During the lecture, Minister Noonan presented Ireland’s path out of recession. Among the first steps undertaken by the Irish government was the restructuring of the banking system, the introduction of fiscal targets, and redesigns of various economic sectors in order to meet the conditions of the EU–IMF bailout. The current plan is based on two core elements: growth and exports. The recent economic recovery in the country has been mostly attributed to an increase in foreign investments and growing exports. Irish society is still switched to saving mode, and there is hardly any demand at the national level. Thus, the Irish economy heavily depends on investments coming from the U.S., the UK and, to a lesser extent, Germany and France.
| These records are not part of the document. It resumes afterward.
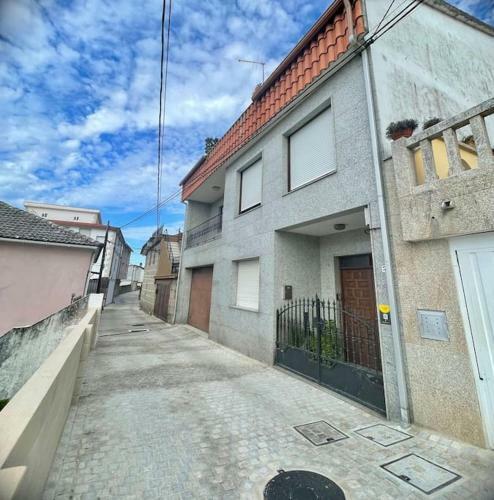 Apartamento Casa Patricia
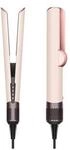 dyson Airstrait&trade; Hair Straightener Ceramic Pink/Ros&eacute;gold Gl&auml;tteisen
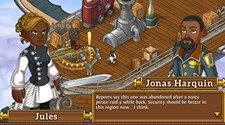 Steam Bandits: Outpost Screenshot 8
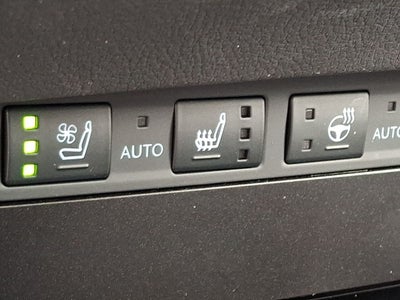 2025 Lexus ES 350 350 PREMIUM PACKAGE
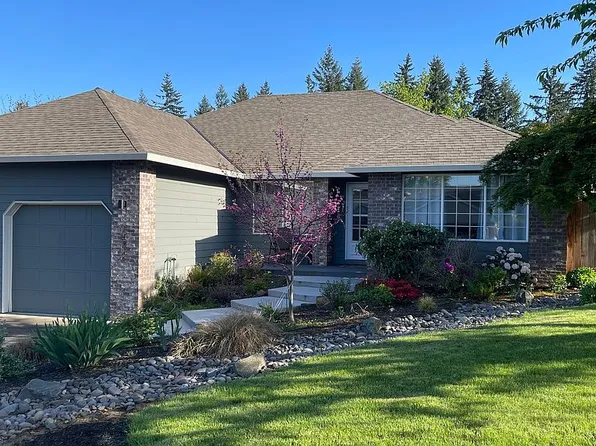 14926 SE Lowell Ln, Sherwood, OR 97140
Ireland is particularly attractive for U.S. companies because the countries hve a common language and working culture, and similar regulatory policies. However, this has resulted in the Irish economy being vulnerable and over-dependent on the economic situation in these investor countries.
One of the most important issues for the government has been the referendum on the Fiscal Treaty, which is to be held at the end of May. Ratification of the Fiscal Treaty will be the means to secure access to future funds from the Economic Stabilisation Mechanism.
The lecture also focused on the recent outcome of the French presidential elections. It was pointed out that the result should be seen more as an indicator of citizens voting out the ruling parties, which are blamed for the worsening situation, than a more general shift to the left side of the European political stage.
During the Q&A session, the latter issue and the potential consequences of the French elections on the outcome of the approaching referendum were discussed in more detail. As argued by Minister Noonan, the newly elected French president is not against provisions of the Fiscal Treaty, rather he is looking for an additional pact on growth and job creation. Thus, this should not have any major effects on the outcome of the Irish referendum. The next subject that drew Noonan’s attention was the restructuring of the Irish banking system. One of the main underlying causes of the current economic crisis was the unsustainable loan system in both the U.S. and Europe. Access to affordable loans is currently one of the major issues hindering the further recovery of the Irish economy. And, lastly, the implications of the economic crisis by reference to the future of the Eurozone’s structure and the whole European project, was discussed. Participants noted that only further integration will enable Europe to remain one of the most important players on the world stage. Therefore, the ongoing debate on a European tax, Eurobonds and a common financial tax are key elements in creating a framework for further integration.